15.06.2009

Sehen und gesehen werden. Über Peter Sloterdijk und Religion

Wir sind durch & durch mit der Erfahrung vertraut, dass uns ein Mensch anschaut. Gesehen werden gehört zum Leben, obwohl wir die Erfahrung manchmal als unangenehm erleben. Angeschaut & gesehen werden, führt zu der merkwürdigen Erfahrung, dass wir uns selber als Objekt erleben – in dem Blick des Anderen werden wir zum Gegenstand. Diese Spaltung zwischen Ich-als-Subjekt und Ich-als-Objekt verunsichert uns.

Am deutlichsten merken wir das, wenn wir einander länger in die Augen schauen. Sofort entsteht ein Spiel von sehen & gesehen werden. Die Augen bewegen sich unruhig hin und her & das innere Erleben springt blitzschnell vom Subjekt-Sein zum Objekt-Sein & wieder zurück. Offenbar scheint es schwierig zu sein, die beiden „Perspektiven“ gleichzeitig gelassen & souverän zu handhaben. Für das normale Bewusstsein stehen sie einander im Wege.

Angeschaut & gesehen werden, so meinen wir, geht nur, wenn das Gegenüber Augen hat. Menschen können uns sehen, Steine & Pflanzen & künstliche Gegenstände & Landschaften können das nicht. Bestimmte Tiere können es auch: manchmal erscheint neben mir im Garten kurz ein Zaunkönig & schaut mich neugierig an. (Aber nein, mit ihm entsteht das Spiel von sehen & gesehen werden nicht. Einem Vogel kann man merkwürdigerweise nicht in die Augen schauen.)

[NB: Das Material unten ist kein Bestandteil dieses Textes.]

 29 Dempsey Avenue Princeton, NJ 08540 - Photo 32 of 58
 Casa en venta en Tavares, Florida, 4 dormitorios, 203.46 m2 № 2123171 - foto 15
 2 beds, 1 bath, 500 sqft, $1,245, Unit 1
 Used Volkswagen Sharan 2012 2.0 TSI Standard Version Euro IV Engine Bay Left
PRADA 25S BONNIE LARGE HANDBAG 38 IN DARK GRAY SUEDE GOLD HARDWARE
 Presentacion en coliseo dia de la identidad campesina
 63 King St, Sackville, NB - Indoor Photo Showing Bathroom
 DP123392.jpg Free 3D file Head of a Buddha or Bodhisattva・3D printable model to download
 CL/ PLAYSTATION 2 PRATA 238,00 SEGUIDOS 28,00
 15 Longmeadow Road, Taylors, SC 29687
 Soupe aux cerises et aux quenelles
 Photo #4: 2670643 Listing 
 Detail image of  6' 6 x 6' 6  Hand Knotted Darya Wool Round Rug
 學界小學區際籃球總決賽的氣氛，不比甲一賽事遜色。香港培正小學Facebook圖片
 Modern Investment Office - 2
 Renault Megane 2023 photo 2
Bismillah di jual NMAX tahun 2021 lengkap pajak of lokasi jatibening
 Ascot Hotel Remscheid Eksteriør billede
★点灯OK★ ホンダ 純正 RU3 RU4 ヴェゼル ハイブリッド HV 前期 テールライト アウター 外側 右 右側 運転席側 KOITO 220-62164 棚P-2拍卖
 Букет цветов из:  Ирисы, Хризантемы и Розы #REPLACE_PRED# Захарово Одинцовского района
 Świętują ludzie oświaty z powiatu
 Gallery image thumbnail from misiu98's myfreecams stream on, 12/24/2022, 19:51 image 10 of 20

In seinem letzten Buch „Du mußt dein Leben ändern“ (Suhrkamp, 2009, S. 44) meint Peter Sloterdijk zu Recht, dass das religiöse Erleben die Beziehung zwischen Subjekt & Objekt exakt umdreht. In seinen Worten: „Auf der Position, wo üblicherweise das Objekt erscheint, welches ebendarum, weil es Objekt ist, niemals zurückschaut, ´erkenne` ich nun ein Subjekt, das die Fähigkeit besitzt, zu schauen und Blicke zu erwidern“.

Für das religiöse Erleben ist die objektive Welt genau so beseelt, wie die subjektive. Sterne & Wälder & Flüsse & Wolken & Findlinge schauen uns mit unsichtbaren Augen an. Dieses Tauschen (ich glaube, Sloterdijk meint eher ´Täuschung`) spielt sich nicht nur auf der Ebene des Sehens ab – sondern die Positionen wechseln sich auch im Sprechen & Hören. Für das religiöse Leben gilt, dass die objektive Welt uns hört & zu uns spricht.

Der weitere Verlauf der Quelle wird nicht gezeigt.